My main weakness has always been in conversation, and specifically listening comprehension, something I've found particularly difficult in Norwegian compared to other languages due to the range of dialects and accents present. But even though I know I've improved, and often I can understand what's being said by others, I'm still not jumping in and having those conversations in Norwegian.

I really do still have a lack of confidence, and many conversations will switch or drift into English - sometimes that's my doing, while other times the Norwegian will change to English to make things easier.

And that's the right thing to be doing. While I want to learn Norwegian, and take advantage of the opportunities presented to me in a visit to Norway, my trips there are not language-learning expeditions - they're a holiday. And I'm there to have fun with friends old and new. And the problem is that me speaking Norwegian often isn't conducive to that kind of fun - it's difficult to keep up fun, sponteneous conversation and it also risks me getting stressed, confused and frustrated.

Whether it's dancing in a club, chatting about boys or throwing ice cubes down each other's clothes, these are all things that are best done in the language that most people speak best - and that's in English. The split second of waiting for me to form a witty comeback in Norwegian can be enough to shatter the mood, and I don't want that. I'd love to be doing these things in Norwegian, with Norwegians, but at the moment I just can't do that well enough.

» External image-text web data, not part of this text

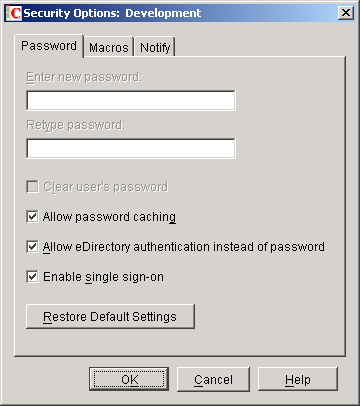 Security Options dialog box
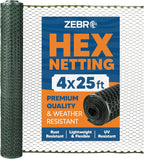 Zebro Plastic Chicken Wire Fence – Flexible Poultry Netting & Garden Fence for Chicken Coops, Rabbits, Pet Enclosures & Landscaping – Weatherproof & Rust-Free - 4' x 25' Green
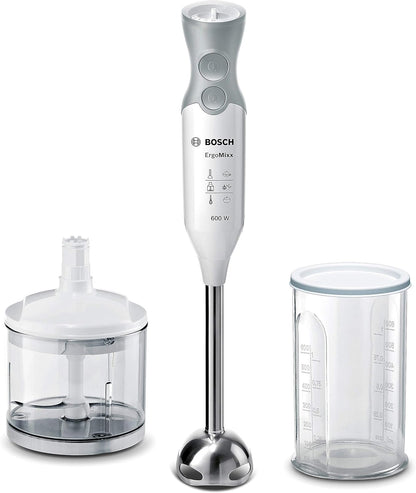 Bosch ErgoMixx 600W Hand Blender: Powerful Immersion Mixer, Whisk, Chopper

I really hope that the people I met at the weekend didn't think I was lazy for reverting back to English so often. I want to have a good time, and I want you to have a good time with me. And I know I certainly did.

If you're Norwegian and reading this, please comment and let me know what you think (in Norwegian!). And do please keep helping me. If the opportunity presents itself, speak to me in Norwegian. Be helpful and clear. Tolerate me a little and help me along, especially if I actually seem to be doing well, forming real sentences and not getting nervous and stuttery about it. I love speaking Norwegian with you, and I want to do it more. But I want us all to have a fun time too.

På norsk:
Før meg, vanskeligste på norsk er å høre og forstå bra, og det er spesielt vanskelig på norsk. Mer og mer kan jeg forstå hva nordmenn sier, men jeg fremdeles ikke snakker med og tilbake. Jeg mangler selvtillit, og ofte snakker vi på engelsk.

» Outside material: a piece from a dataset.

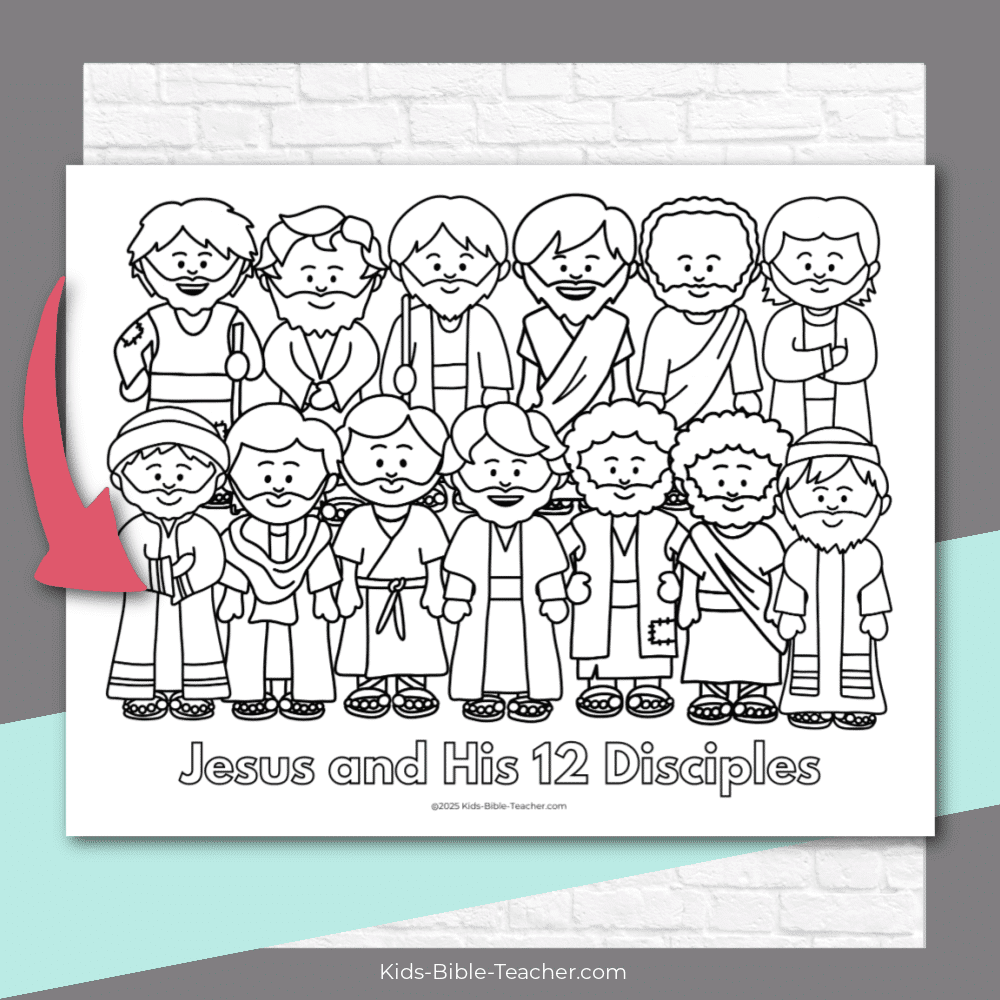 Jesus Disciples Coloring Page Free Printable Kids Bible Teacher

Men kanskje det er bedre. Jeg vil lære norsk, men jeg er i Norge til å ha det gøy med vennene mine - det er ferie! Og noen ganger når jeg snakker norsk er det ikke egnet å ha det gøy, fordi jeg snakker ikke nok bra, og jeg vil ikke bli frustrert!

Og nå vi er ute, og danser på en bar eller prater om gutter eller kaste is i bukser, er det bedre å snakke engelsk sammen, og ikke norsk, fordi for alle er engelsk mer naturlig i denne situasjonen. Det går bedre for alle om vi snakker engelsk. Folk vil ikke vente på meg å tenke om noe på norsk, fordi det kan ødelegge kvelden for alle. Jeg vil at jeg kunne gjøre det på norsk, men for nå kan jeg ikke, så sikkert det er bedre at vi snakker engelsk sammen.

Jeg veldig liker å snakke norsk, og vil bli bedre. Så, nordmenn, hjelp meg! Snakk med meg og vær klart! Vent litt på meg, støtte meg, spesielt om det virker at jeg snakker bra uten mange feil eller uten å bli nervøs! Men på samme tid jeg vil at vi kan alle ha det gøy - og denne helgen helt sikkert hadde jeg det veldig gøy med dere!